WORK TASK: A faithful retyping of every entry below is wanted, with images left out.

Items from a data source:
------
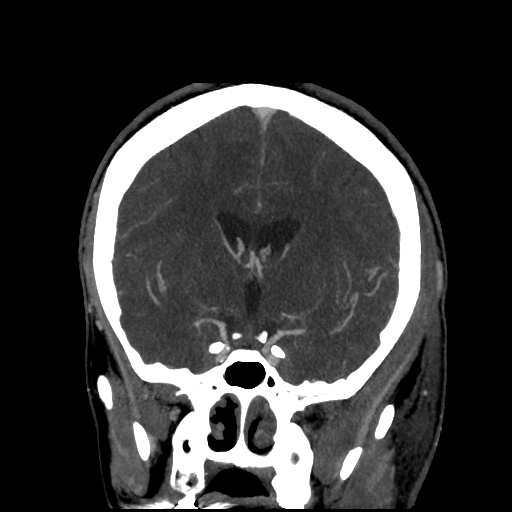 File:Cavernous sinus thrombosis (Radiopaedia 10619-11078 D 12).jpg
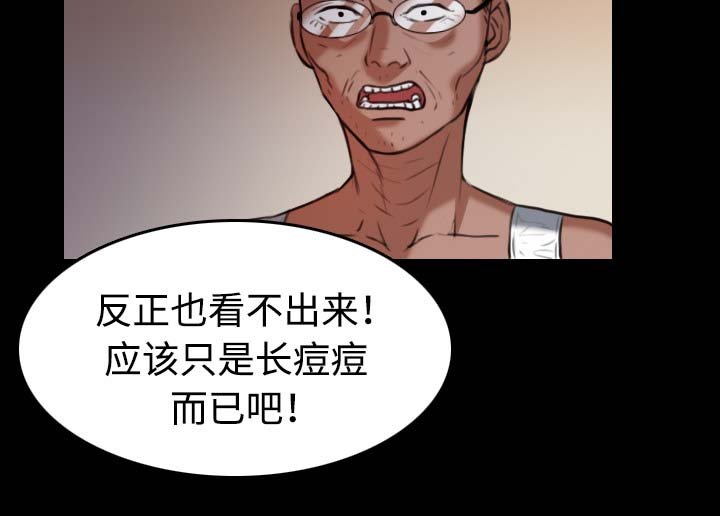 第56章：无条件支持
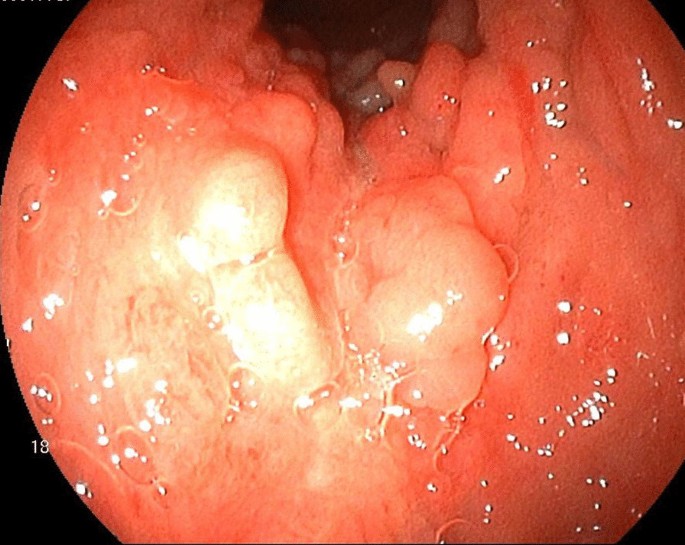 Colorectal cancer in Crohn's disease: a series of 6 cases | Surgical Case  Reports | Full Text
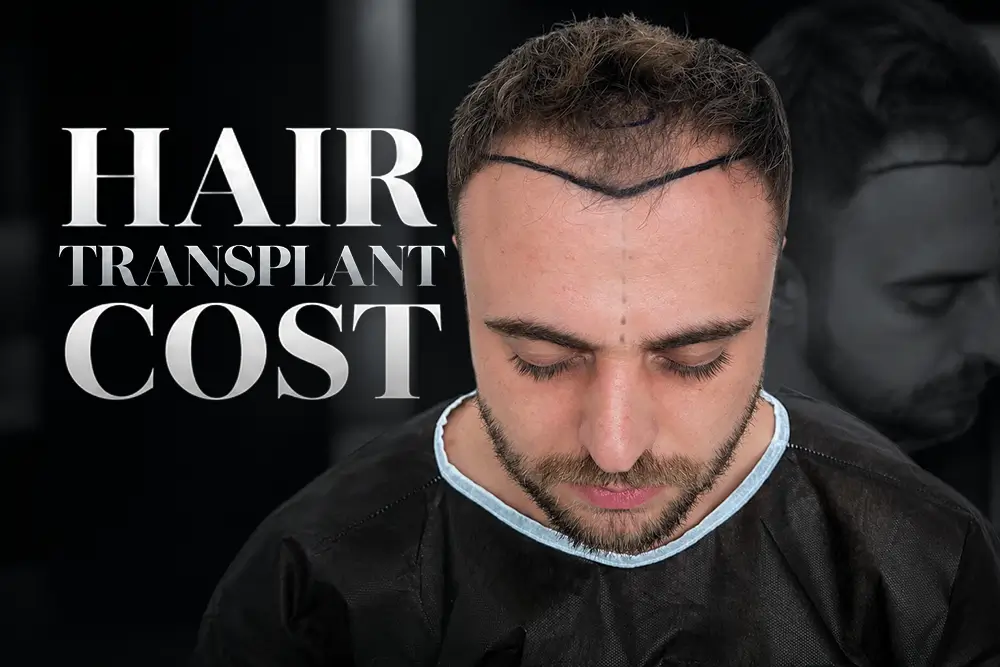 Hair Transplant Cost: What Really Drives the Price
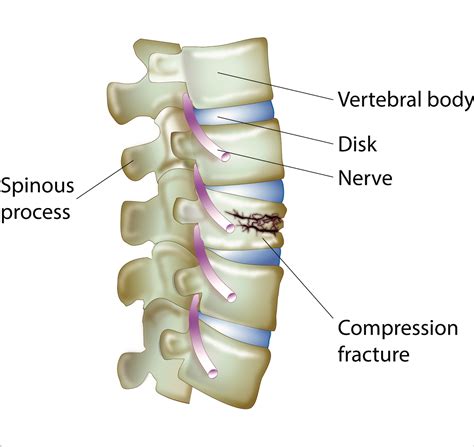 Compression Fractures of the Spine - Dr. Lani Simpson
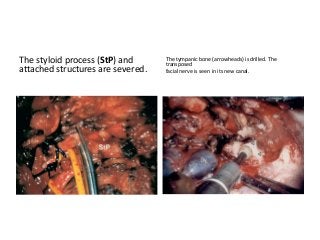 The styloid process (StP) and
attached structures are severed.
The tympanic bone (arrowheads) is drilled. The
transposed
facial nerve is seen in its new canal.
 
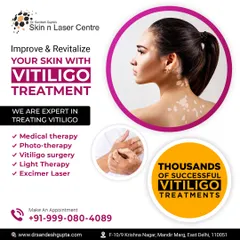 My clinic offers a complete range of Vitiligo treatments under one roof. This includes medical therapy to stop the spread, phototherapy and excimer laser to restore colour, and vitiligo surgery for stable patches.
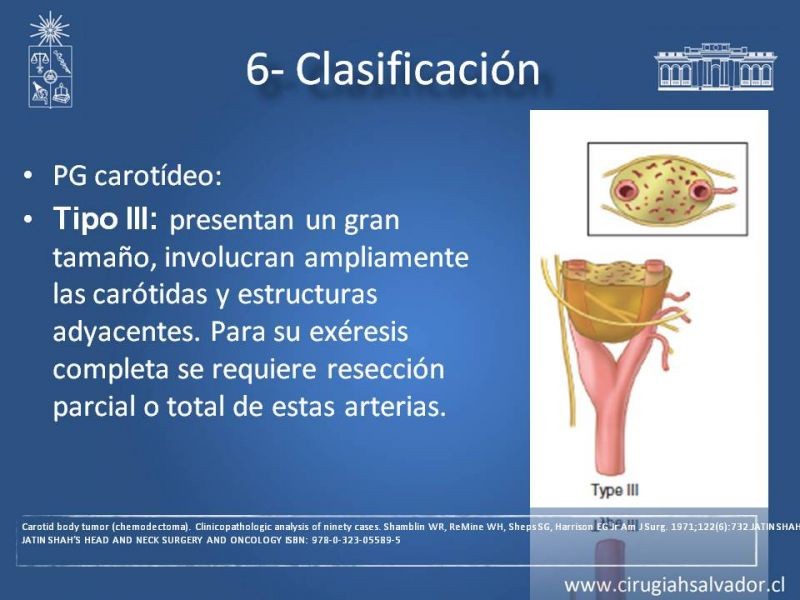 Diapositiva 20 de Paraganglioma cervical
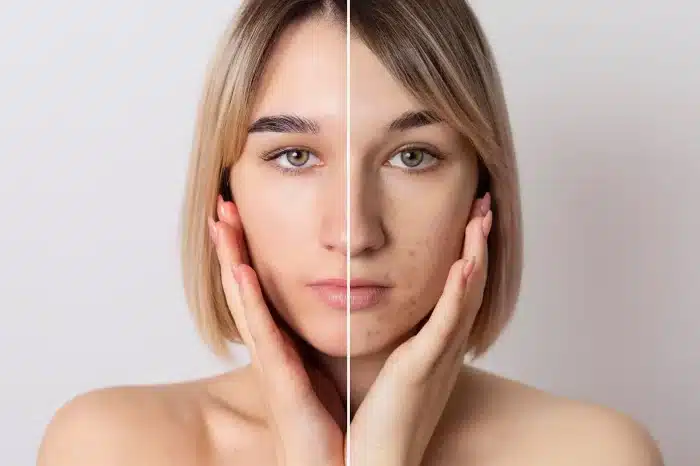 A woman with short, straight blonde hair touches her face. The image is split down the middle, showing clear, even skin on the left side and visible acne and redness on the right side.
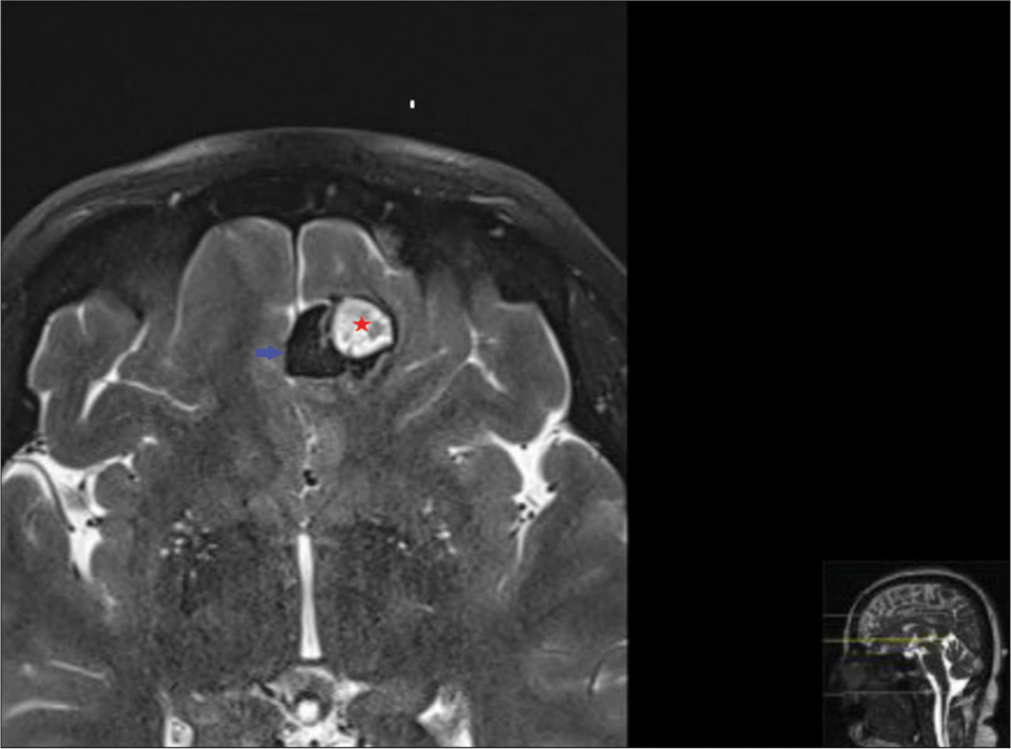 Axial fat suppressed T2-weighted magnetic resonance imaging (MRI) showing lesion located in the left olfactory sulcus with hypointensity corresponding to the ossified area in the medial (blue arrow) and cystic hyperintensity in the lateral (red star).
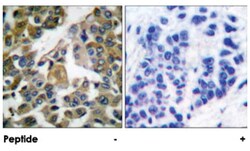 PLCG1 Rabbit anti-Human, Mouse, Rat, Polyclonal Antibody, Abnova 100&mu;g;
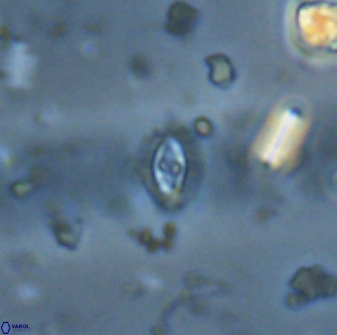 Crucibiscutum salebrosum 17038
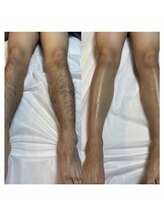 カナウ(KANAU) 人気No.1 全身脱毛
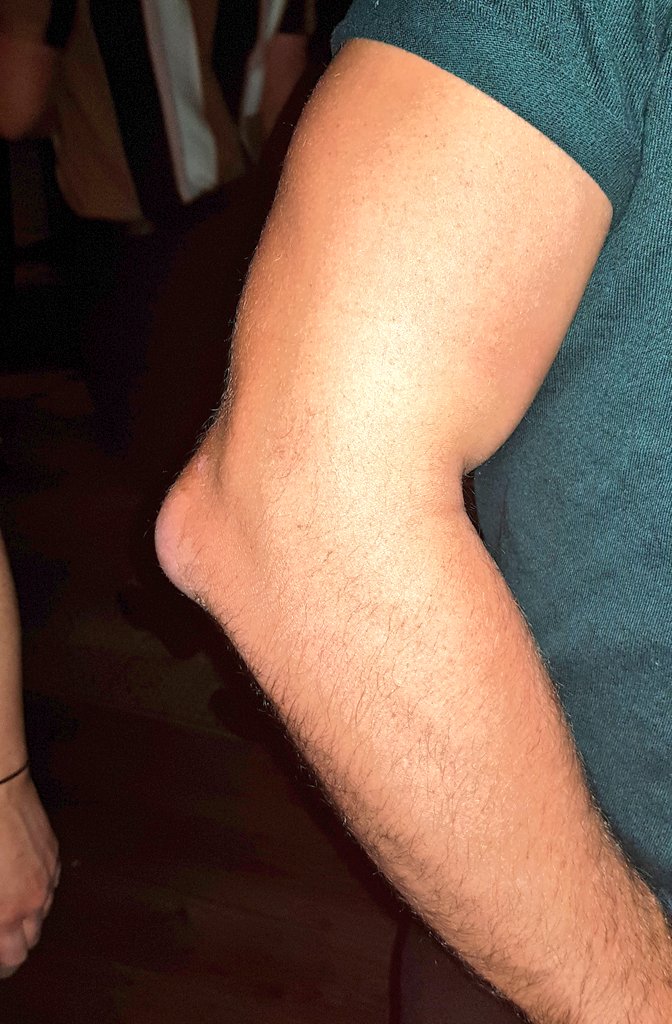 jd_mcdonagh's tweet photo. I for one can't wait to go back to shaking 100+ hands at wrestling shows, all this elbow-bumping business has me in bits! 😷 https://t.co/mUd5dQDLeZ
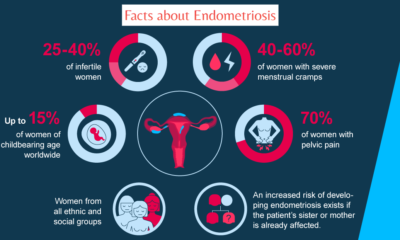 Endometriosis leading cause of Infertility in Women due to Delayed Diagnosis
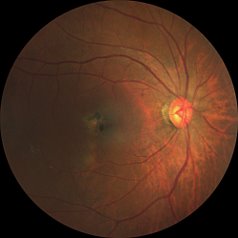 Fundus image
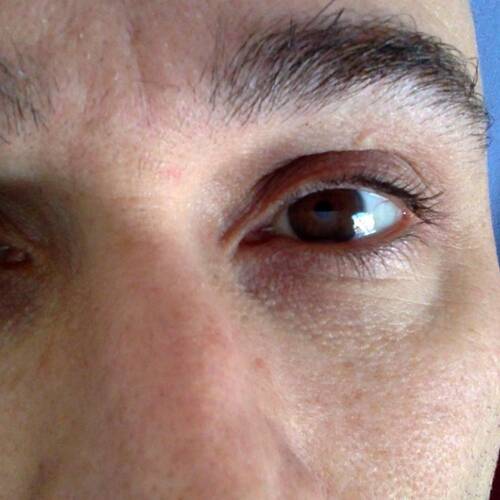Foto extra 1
------
TASK RESPONSE:
 File:Cavernous sinus thrombosis (Radiopaedia 10619-11078 D 12).jpg
 第56章：无条件支持
 Colorectal cancer in Crohn's disease: a series of 6 cases | Surgical Case  Reports | Full Text
 Hair Transplant Cost: What Really Drives the Price
 Compression Fractures of the Spine - Dr. Lani Simpson
 The styloid process (StP) and
attached structures are severed.
The tympanic bone (arrowheads) is drilled. The
transposed
facial nerve is seen in its new canal.
 
 My clinic offers a complete range of Vitiligo treatments under one roof. This includes medical therapy to stop the spread, phototherapy and excimer laser to restore colour, and vitiligo surgery for stable patches.
 Diapositiva 20 de Paraganglioma cervical
 A woman with short, straight blonde hair touches her face. The image is split down the middle, showing clear, even skin on the left side and visible acne and redness on the right side.
 Axial fat suppressed T2-weighted magnetic resonance imaging (MRI) showing lesion located in the left olfactory sulcus with hypointensity corresponding to the ossified area in the medial (blue arrow) and cystic hyperintensity in the lateral (red star).
 PLCG1 Rabbit anti-Human, Mouse, Rat, Polyclonal Antibody, Abnova 100&mu;g;
 Crucibiscutum salebrosum 17038
 カナウ(KANAU) 人気No.1 全身脱毛
 jd_mcdonagh's tweet photo. I for one can't wait to go back to shaking 100+ hands at wrestling shows, all this elbow-bumping business has me in bits! 😷 https://t.co/mUd5dQDLeZ
 Endometriosis leading cause of Infertility in Women due to Delayed Diagnosis
 Fundus image
Foto extra 1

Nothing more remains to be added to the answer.